Theology is our attempt to understand who God is and what He is like and what He is done.
And theology is critical for every Christian. Without theology, we would know nothing of Jesus. We would know nothing of the cross. We would know nothing of our own sin. We would know nothing of salvation. We would know nothing about anything of eternal value!
As Christians, if we claim to know and love God – theology has to be part of our lives.
- I mean, really, how could we love a God that we don’t know?
- How can we obey God without knowing his instructions?
- How can we honour and glorify God without knowing what things bring Him honour and glory?
Theology is critical to the Christian life.
Now that being said, I understand that ‘theology’ is still an intimidating word. Even for those of us who went to Bible school, when we hear the word theology, we probably envision a big thick textbook, filled with words like ‘justification’ and ‘sanctification’ and ‘propitiation’ – and we’re feeling lost even before we get started!
But that’s exactly why I’m so excited for this sermon series that we’re starting today.

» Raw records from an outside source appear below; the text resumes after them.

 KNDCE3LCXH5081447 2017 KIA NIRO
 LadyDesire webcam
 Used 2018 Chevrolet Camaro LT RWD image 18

Sometime ago I order a book called “Visual Theology” by Tim Challies and Josh Byers. And the idea behind this book is to help people grasp the keys ideas in theology by presenting them in an easy to understand way – complete with lots of visual aids in the form and style of infographics.

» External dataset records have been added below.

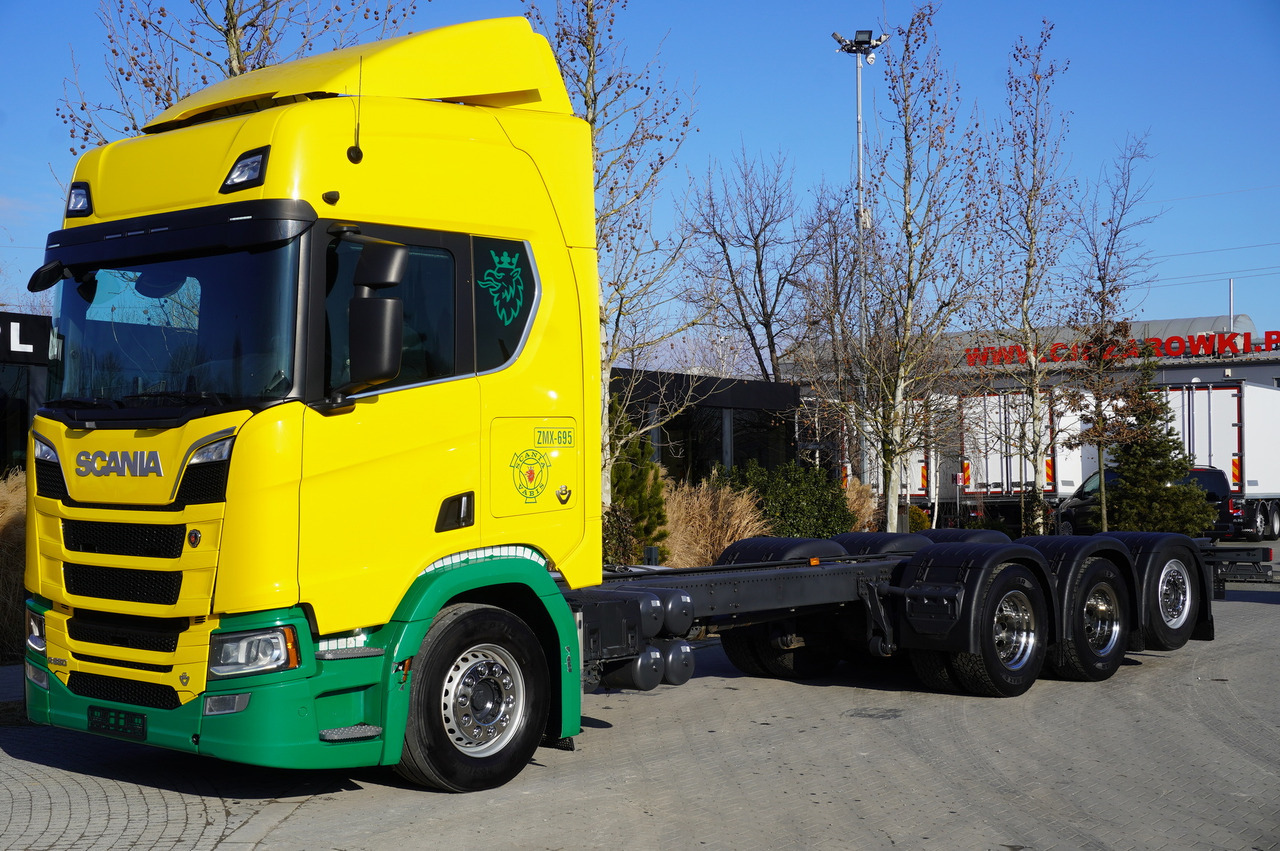 SCANIA R650 V8 8x4/4 E6 / 2020 / Frame 9.7 m - Alvaz teherautó: 1 kép. SCANIA R650 V8 8x4/4 E6 / 2020 / Frame 9.7 m - Alvaz teherautó: 1 kép.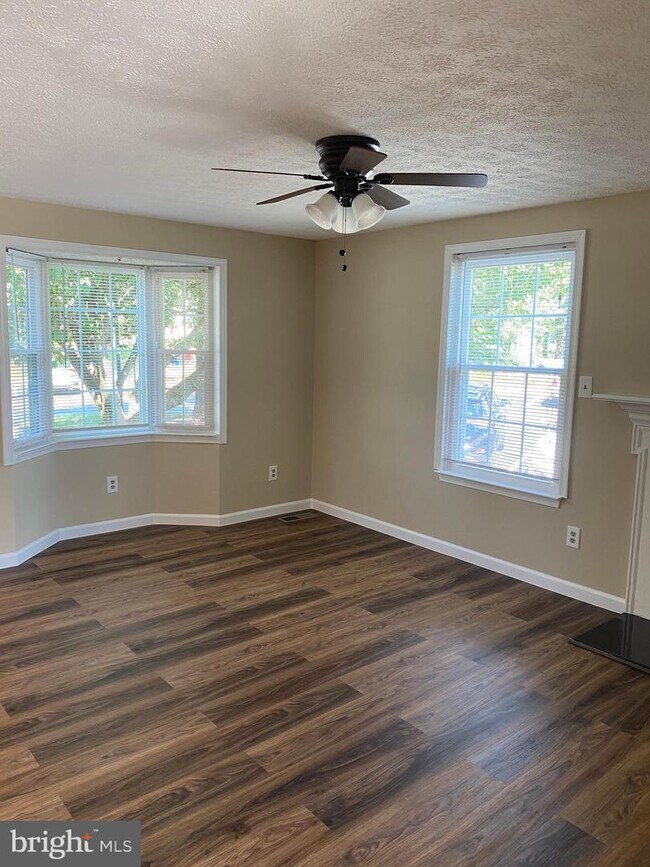 Building Photo - 8616 Braxted Ln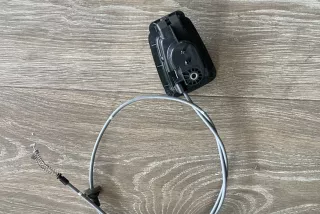 32277309 , art12467463 Ручка открывания капота Volvo XC90 1 restailing Арт 12467463, вид 4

I thought this would be a cool ‘coffee-table’ kind of a book that I could just leave out and people might flip through when they come over to visit or whatnot. But when I got the book and read through it, I enjoyed it so much and I found it to be so helpful to me that I wanted to share it with you.
And so for the next couple of months, I’d like to take us all through this book – Visual Theology. Now of course, I’m not just going to read the book to you – (although that would certainly be easy sermon prep) – but I do intend to use it’s basic outline as the outline for these messages.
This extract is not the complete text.